The desserts are newfangled, fun, intriguing and quite a few of them amazing (others not so great) They are never overly sweet, and some of them play with not being sweet almost at all. I ordered the red dessert plate: A vaccum packed raspberry meringue slab that was unbelievable. A beet sorbet that was sheer concentrated beet flavor, super-refreshing and strange and not that sweet, a vodka-hibiscus jell-o that was a perfect little cube of freshness, really subtle with the kick, not of the vodka, but of the hibiscus. There was a sort of cheesecake that wasn't that great but it was covered with a red wine glaze that was delicious. Those are the ones I remember. Other desserts were a pistachio financier which is one of the best cakes I've ever had, an incredible apricot sorbet, a delicious olive oil chocolate cake, an amazing foam of white beer and grapefruit, mango "gnocchi:" etc. The flavors and textures explode in your mouth and it really is a fun, delightful experience.
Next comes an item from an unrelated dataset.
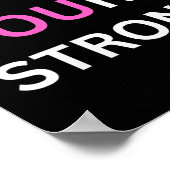 Womens Find Your Strong, In You! V-neck ポスター (角)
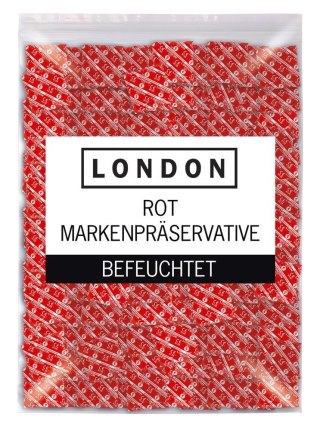 London red condoms 1000 pcs. ORION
The piece de resistance was that I had sung the glories of the sushi bar at Jewel Bako to my friends so much that they wanted to go there. I hadn't been there in about 2 years and was afraid that maybe the amazing, handsome chef Masato was gone, or that with the Lambs opening other restaurants, the place could not be the same anymore. We were easily able to get a reservation at the sushi bar at 9 pm on a Monday, which made me wonder. To make a long story short, after having the omakase dinner, my friends said they liked the experience and the food of Jewel Bako better than Per Se. Jewel Bako and chef Masato rule. And again, it isn't only the food, which is the best sushi I've ever had, but the delightful, pleasant, civilized, wonderful, graceful experience of the place. If only more NY restaurants were like that.